In February 2015, the U.S. Dept. of Justice unsealed an indictment charging five Chinese citizens with economic espionage and theft of trade secrets. The five were officers or employees of a Chinese company called Boyusec, and the indictment accused them of stealing the source code for a core component of a popular iPhone software program called iBoot.

What happened

In late 2016, Apple found something strange going on with its iPhones in China. Hundreds of devices were connecting to unofficial wireless networks set up near Apple stores. It wasn’t clear what was happening, but the traffic seemed malicious.

Apple investigated and found that the devices were being hacked by a piece of malicious software, or malware. The software was designed to gather information from the devices and send it back to servers controlled by hackers based in China.

The hackers were targeting information about Uighur Muslims, a minority group that has been persecuted by the Chinese government. The Uighurs are a largely Turkic-speaking Muslim minority who live in Xinjiang, a northwestern province of China.

Apple alerted the FBI to the hack and worked with them to track down the servers that the malware was sending information to. The FBI then contacted the Chinese government and asked them to take action against the hackers.

However, instead of taking action against the hackers, the Chinese government used the information that they had obtained from the hack to crackdown on Uighur Muslims. They used the information to track down Uighur Muslims who were living outside of China and force them to return to China, where they were imprisoned in “re-education camps”.

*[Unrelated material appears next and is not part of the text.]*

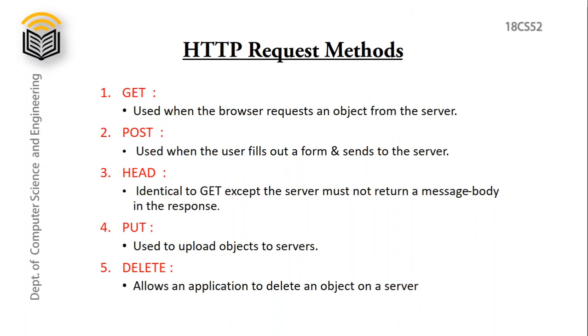HTTP request methods. We have so many request methods, among them: GET is used when the browser requests an object from the server.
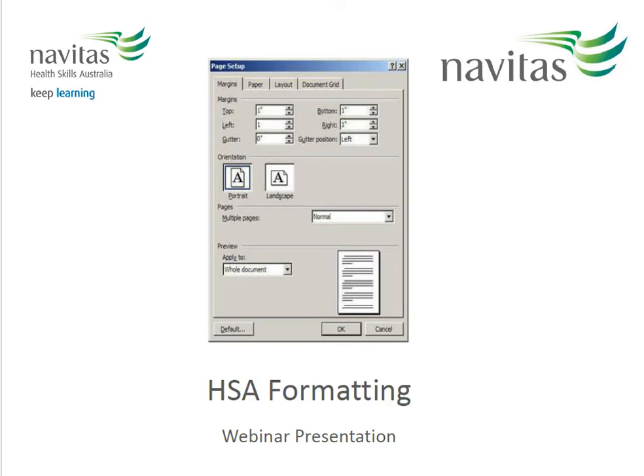Hi, this video will show you some key formatting requirements necessary for the presentation of your assessments, including using correct page margins, font size and style, line spacing, indenting paragraphs, creating document headers, formatting headings, using the SLS website to reference accurately, and adding an appendix when required.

The Trump administration has accused China of using hacking and cyber espionage to further its own geopolitical interests. This incident is seen as an example of how China uses hacking for political gain.

How it was discovered

The hack was discovered by a small security firm in Israel called Lookout. In 2015, the company was investigating an unrelated case when it found something strange: A group of hackers it had been watching for years seemed to have found a new way to attack its mobile devices.

The hackers, who Lookout believes are linked to the Chinese government, had created a malicious piece of code that was designed to steal sensitive information from infected phones. The code was hidden in a legitimate-looking app that was available for download on Apple’s App Store.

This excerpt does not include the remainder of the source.